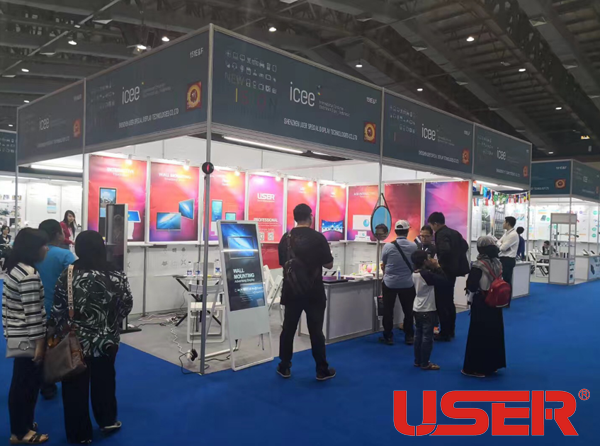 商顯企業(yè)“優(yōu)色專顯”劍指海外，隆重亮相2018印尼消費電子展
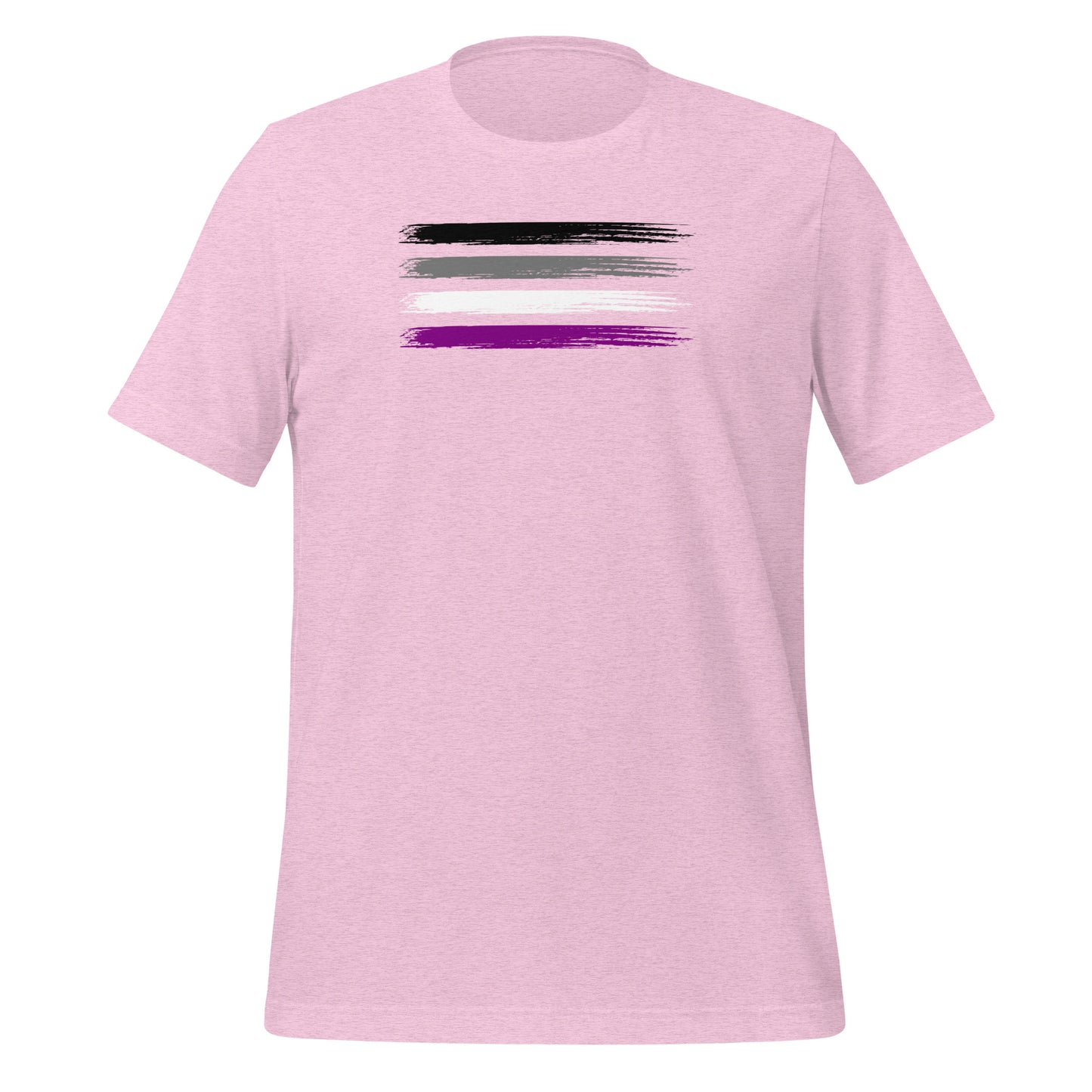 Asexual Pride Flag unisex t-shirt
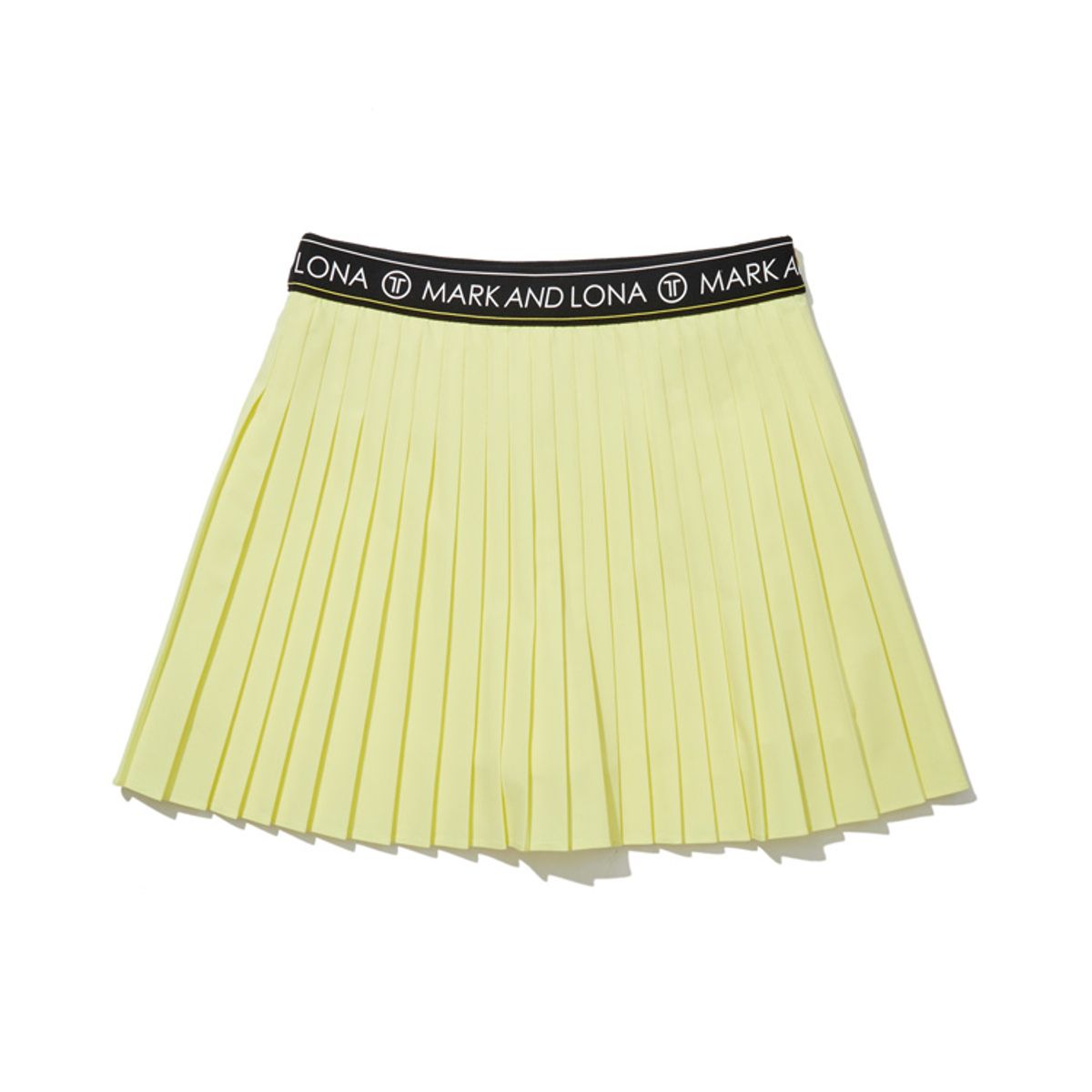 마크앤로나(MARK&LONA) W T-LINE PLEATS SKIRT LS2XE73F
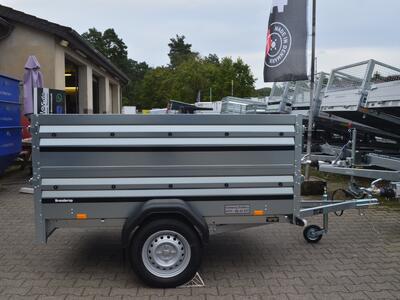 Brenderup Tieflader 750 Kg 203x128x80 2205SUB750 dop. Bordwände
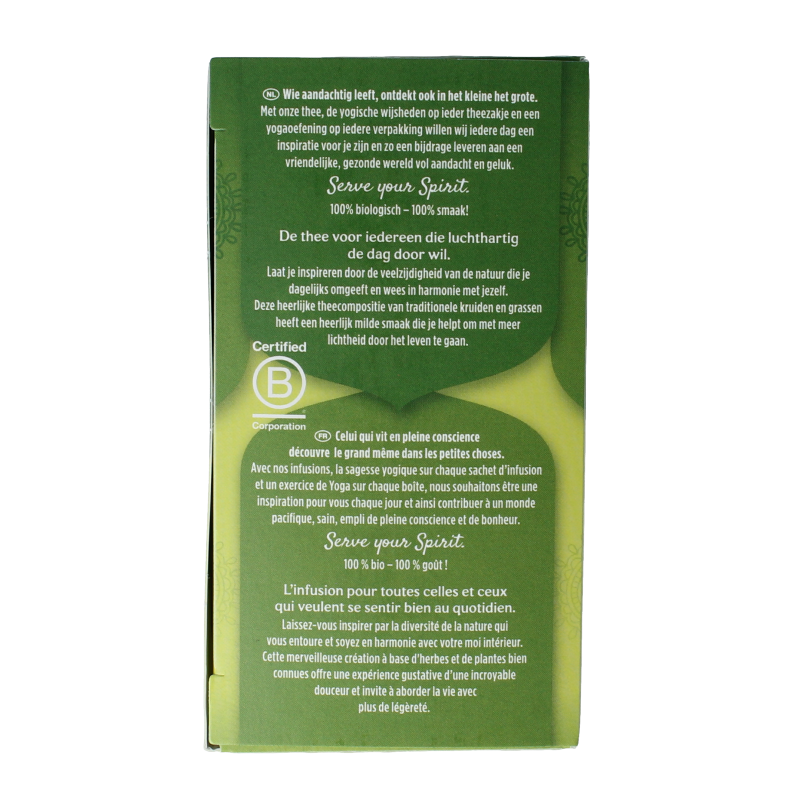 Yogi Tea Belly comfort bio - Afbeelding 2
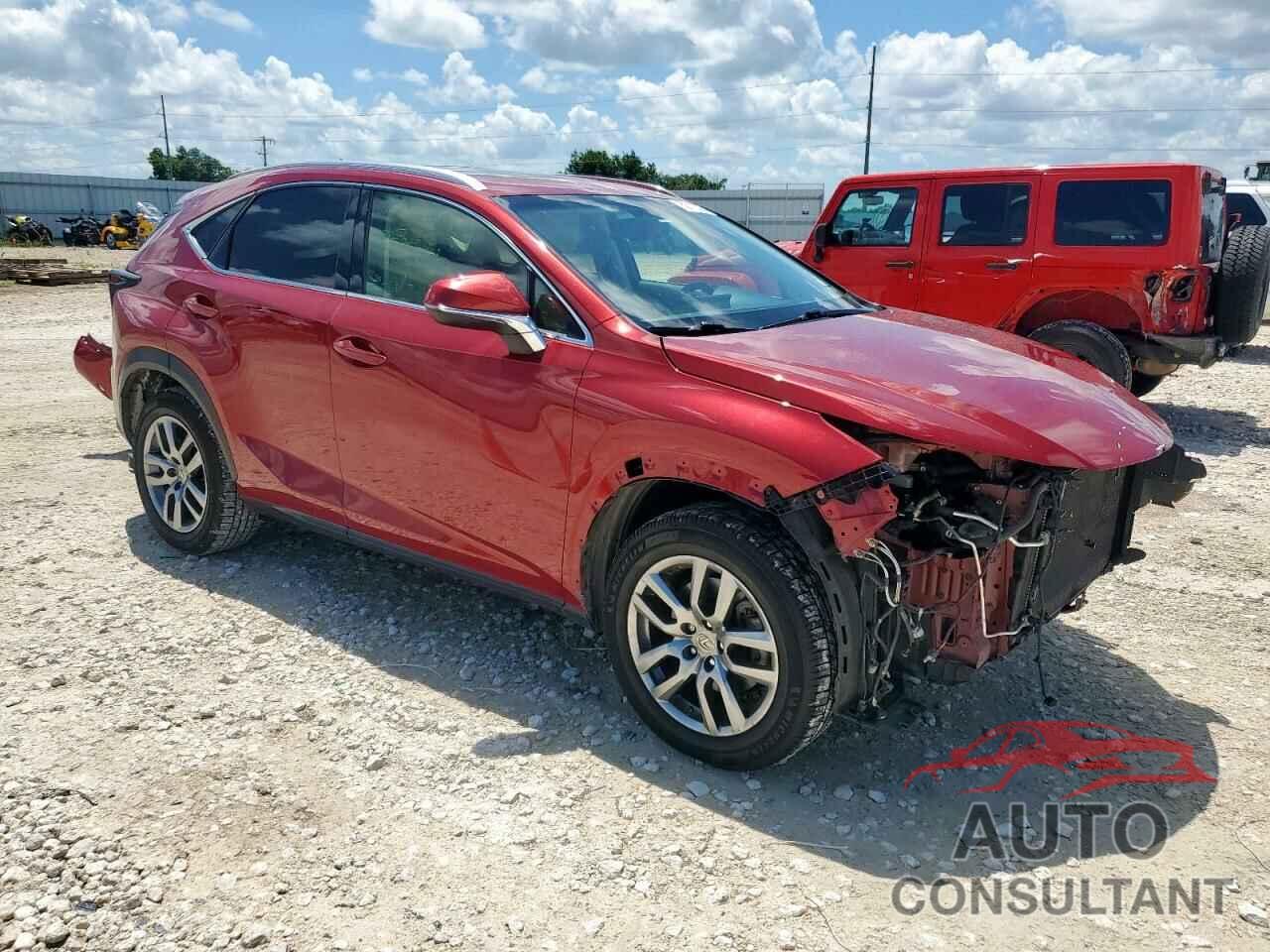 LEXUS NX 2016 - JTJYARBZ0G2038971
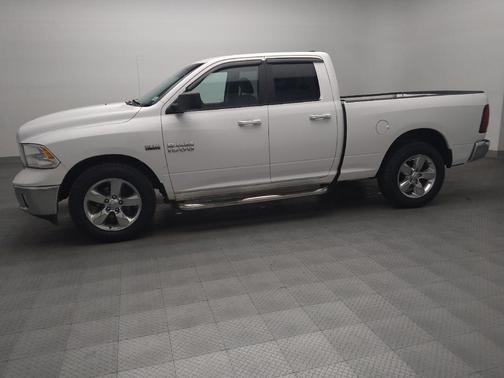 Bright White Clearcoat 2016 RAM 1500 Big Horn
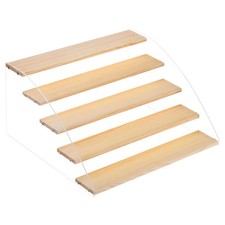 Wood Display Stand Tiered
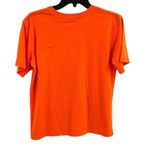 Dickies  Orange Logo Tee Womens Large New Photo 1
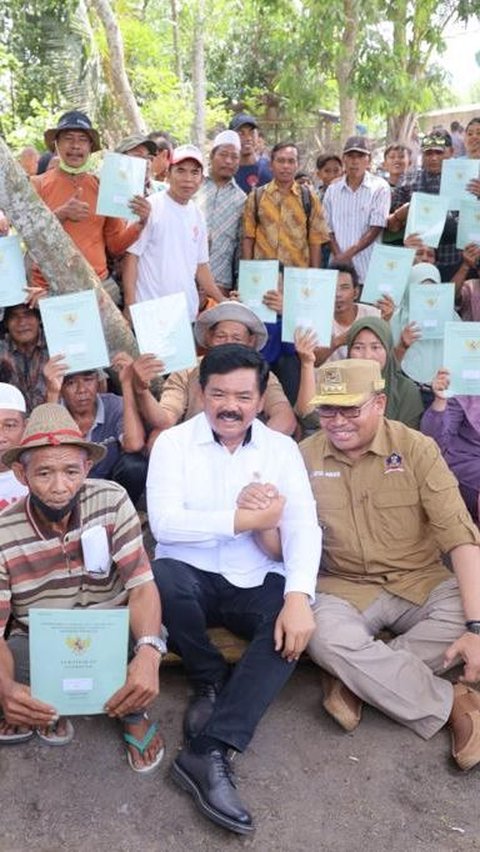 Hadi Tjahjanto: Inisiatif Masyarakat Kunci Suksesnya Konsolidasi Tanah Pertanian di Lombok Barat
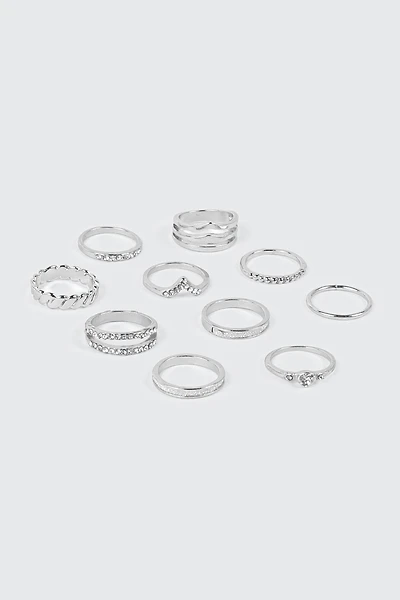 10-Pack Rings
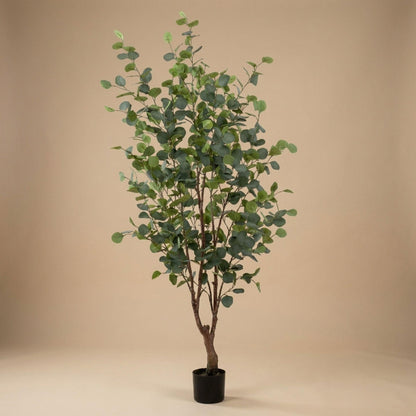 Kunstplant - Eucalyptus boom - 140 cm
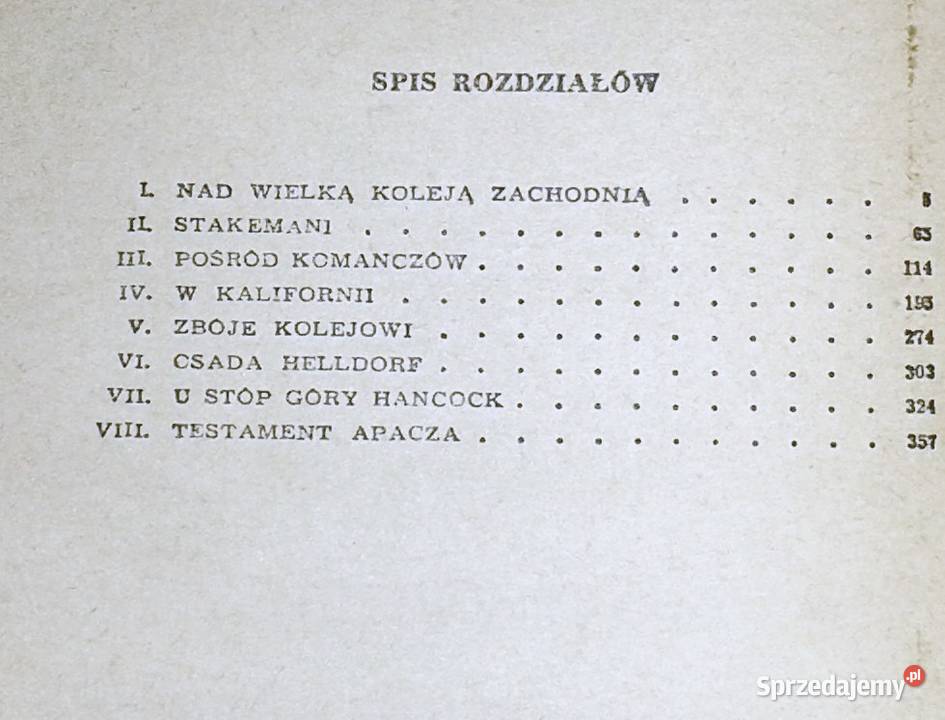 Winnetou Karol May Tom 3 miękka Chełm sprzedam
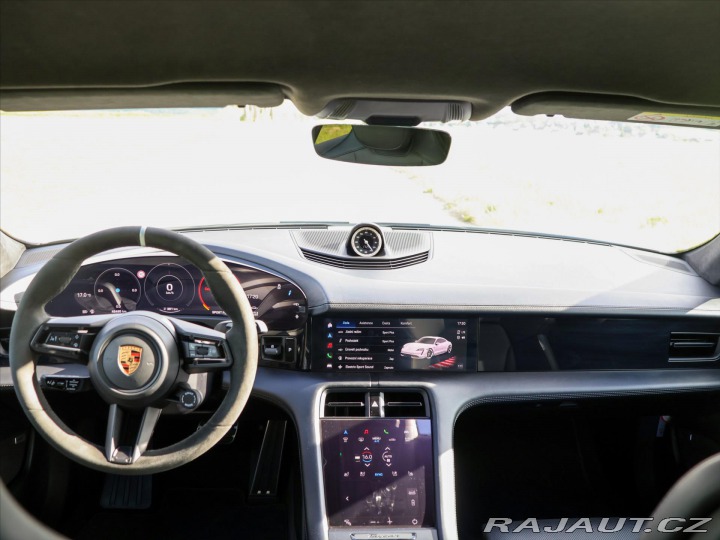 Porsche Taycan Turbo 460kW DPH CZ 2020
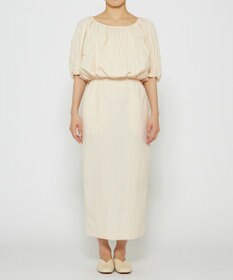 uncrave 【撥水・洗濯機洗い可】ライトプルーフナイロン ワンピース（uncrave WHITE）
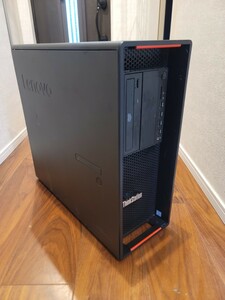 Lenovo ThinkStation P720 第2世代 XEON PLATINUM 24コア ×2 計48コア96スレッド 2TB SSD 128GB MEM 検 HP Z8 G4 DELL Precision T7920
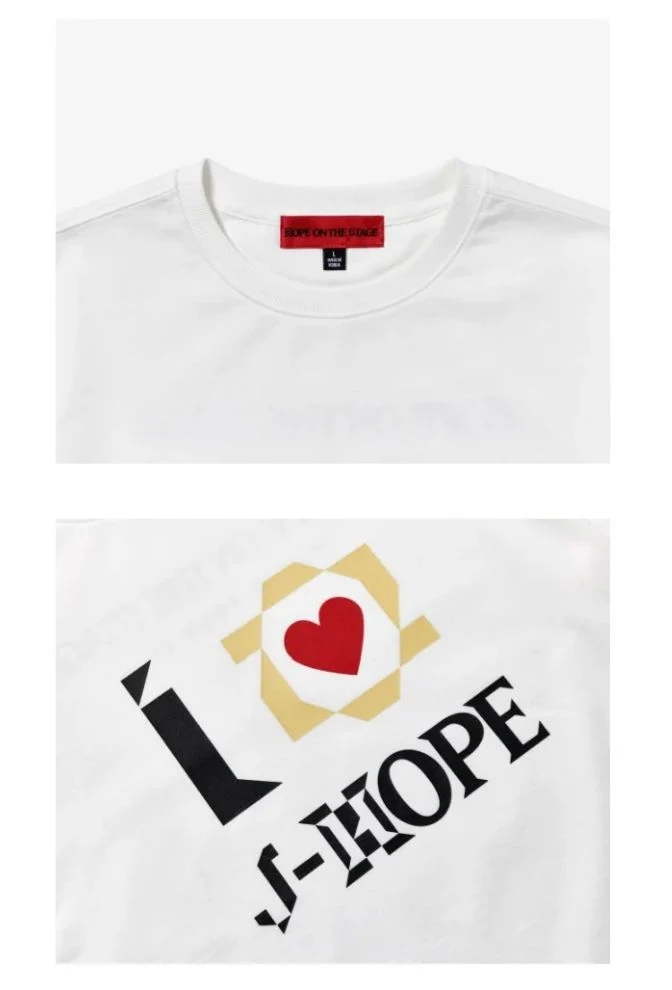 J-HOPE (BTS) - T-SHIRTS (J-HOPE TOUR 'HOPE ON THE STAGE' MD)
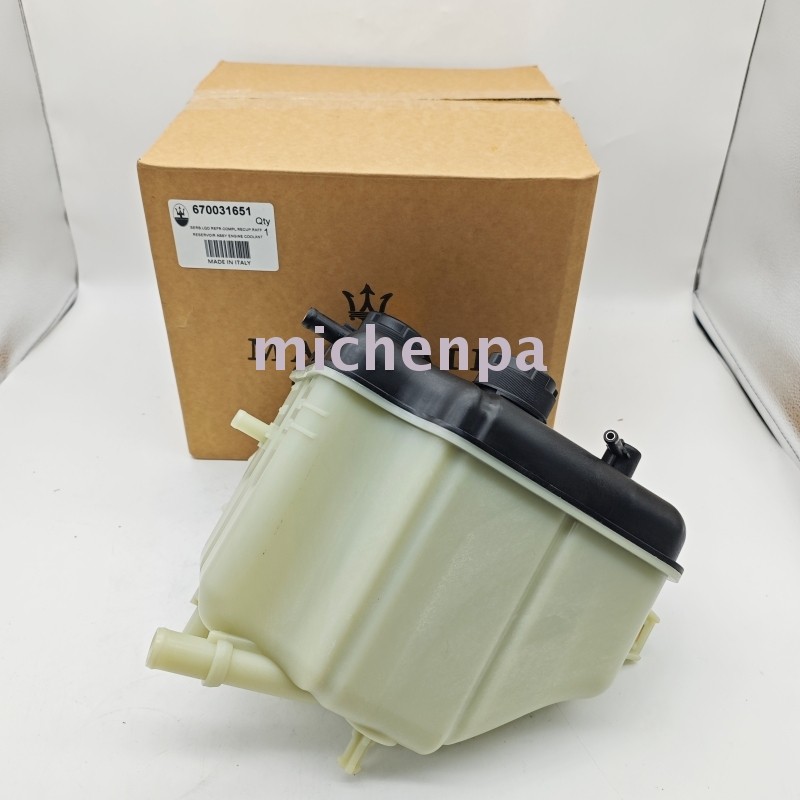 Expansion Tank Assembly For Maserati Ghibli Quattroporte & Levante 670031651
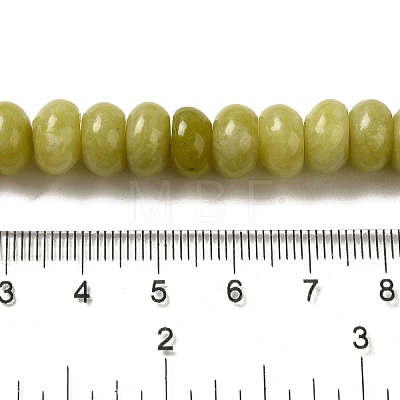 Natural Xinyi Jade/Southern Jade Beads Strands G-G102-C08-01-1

········

Problem description: Please repeat everything in the data above except the pictures, exactly as it reads.

Answer to the problem:
 商顯企業(yè)“優(yōu)色專顯”劍指海外，隆重亮相2018印尼消費電子展
 Asexual Pride Flag unisex t-shirt
 마크앤로나(MARK&LONA) W T-LINE PLEATS SKIRT LS2XE73F
 Brenderup Tieflader 750 Kg 203x128x80 2205SUB750 dop. Bordwände
 Yogi Tea Belly comfort bio - Afbeelding 2
 LEXUS NX 2016 - JTJYARBZ0G2038971
 Bright White Clearcoat 2016 RAM 1500 Big Horn
 Wood Display Stand Tiered
 Dickies  Orange Logo Tee Womens Large New Photo 1
 Hadi Tjahjanto: Inisiatif Masyarakat Kunci Suksesnya Konsolidasi Tanah Pertanian di Lombok Barat
 10-Pack Rings
 Kunstplant - Eucalyptus boom - 140 cm
 Winnetou Karol May Tom 3 miękka Chełm sprzedam
 Porsche Taycan Turbo 460kW DPH CZ 2020
 uncrave 【撥水・洗濯機洗い可】ライトプルーフナイロン ワンピース（uncrave WHITE）
 Lenovo ThinkStation P720 第2世代 XEON PLATINUM 24コア ×2 計48コア96スレッド 2TB SSD 128GB MEM 検 HP Z8 G4 DELL Precision T7920
 J-HOPE (BTS) - T-SHIRTS (J-HOPE TOUR 'HOPE ON THE STAGE' MD)
 Expansion Tank Assembly For Maserati Ghibli Quattroporte & Levante 670031651
 Natural Xinyi Jade/Southern Jade Beads Strands G-G102-C08-01-1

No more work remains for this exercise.